My colleague Kirk Morris recently pointed me to this very neat study on iterative versus parallel models of crowdsourcing for the analysis of satellite imagery. The study was carried out by French researcher & engineer Nicolas Maisonneuve for the next GISscience2012 conference.
Nicolas finds that after reaching a certain threshold, adding more volunteers to the parallel model does “not change the representativeness of opinion and thus will not change the consensual output.” His analysis also shows that the value of this threshold has significant impact on the resulting quality of the parallel work and thus should be chosen carefully. In terms of the iterative approach, Nicolas finds that “the first iterations have a high impact on the final results due to a path dependency effect.” To this end, “stronger commitment during the first steps are thus a primary concern for using such model,” which means that “asking expert/committed users to start,” is important.
Nicolas’s study also reveals that the parellel approach is better able to correct wrong annotations (wrong analysis of the satellite imagery) than the iterative model for images that are fairly straightforward to interpret. In contrast, the iterative model is better suited for handling more ambiguous imagery. But there is a catch: the potential path dependency effect in the iterative model means that ”mistakes could be propagated, generating more easily type I errors as the iterations proceed.” In terms of spatial coverage, the iterative model is more efficient since the parallel model leverages redundancy to ensure data quality. Still, Nicolas concludes that the “parallel model provides an output which is more reliable than that of a basic iterative [because] the latter is sensitive to vandalism or knowledge destruction.”
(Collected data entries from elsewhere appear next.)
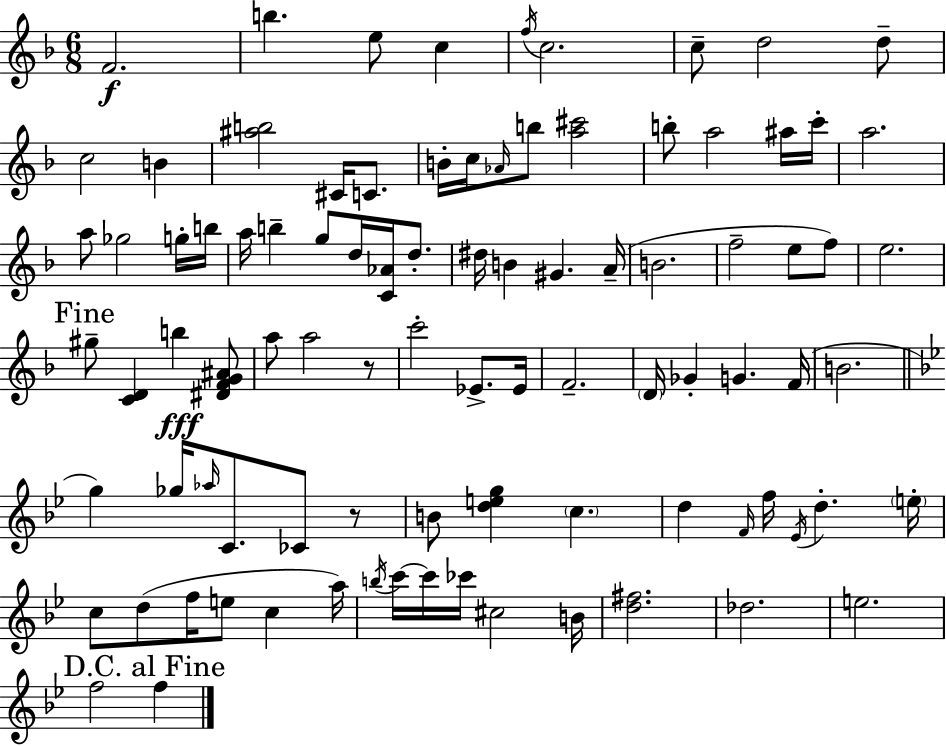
F4/h. B5/q. E5/e C5/q F5/s C5/h. C5/e D5/h D5/e C5/h B4/q [A#5,B5]/h C#4/s C4/e. B4/s C5/s Ab4/s B5/e [A5,C#6]/h B5/e A5/h A#5/s C6/s A5/h. A5/e Gb5/h G5/s B5/s A5/s B5/q G5/e D5/s [C4,Ab4]/s D5/e. D#5/s B4/q G#4/q. A4/s B4/h. F5/h E5/e F5/e E5/h. G#5/e [C4,D4]/q B5/q [D#4,F4,G4,A#4]/e A5/e A5/h R/e C6/h Eb4/e. Eb4/s F4/h. D4/s Gb4/q G4/q. F4/s B4/h. G5/q Gb5/s Ab5/s C4/e. CES4/e R/e B4/e [D5,E5,G5]/q C5/q. D5/q F4/s F5/s Eb4/s D5/q. E5/s C5/e D5/e F5/s E5/e C5/q A5/s B5/s C6/s C6/s CES6/s C#5/h B4/s [D5,F#5]/h. Db5/h. E5/h. F5/h F5/q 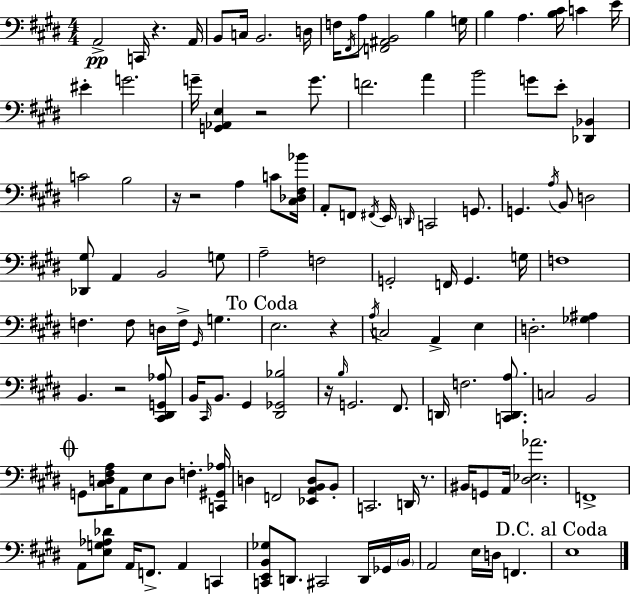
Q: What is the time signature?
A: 4/4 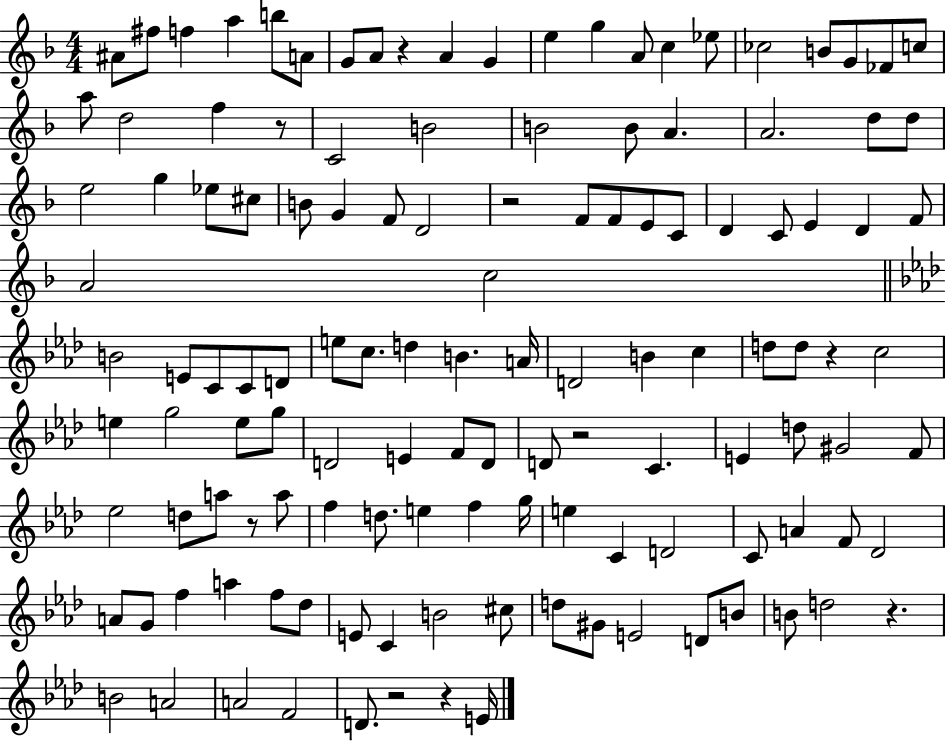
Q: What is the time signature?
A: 4/4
So the question that naturally follow is this: how can parallel and iterative methodologies be combined to produce a better overall result? Perhaps the parallel approach could be used as the default to begin with. However, images that are considered difficult to interpret would get pushed from the parallel workflow to the iterative workflow. The latter would first be processed by experts in order to create favorable path dependency. Could this hybrid approach be the wining strategy?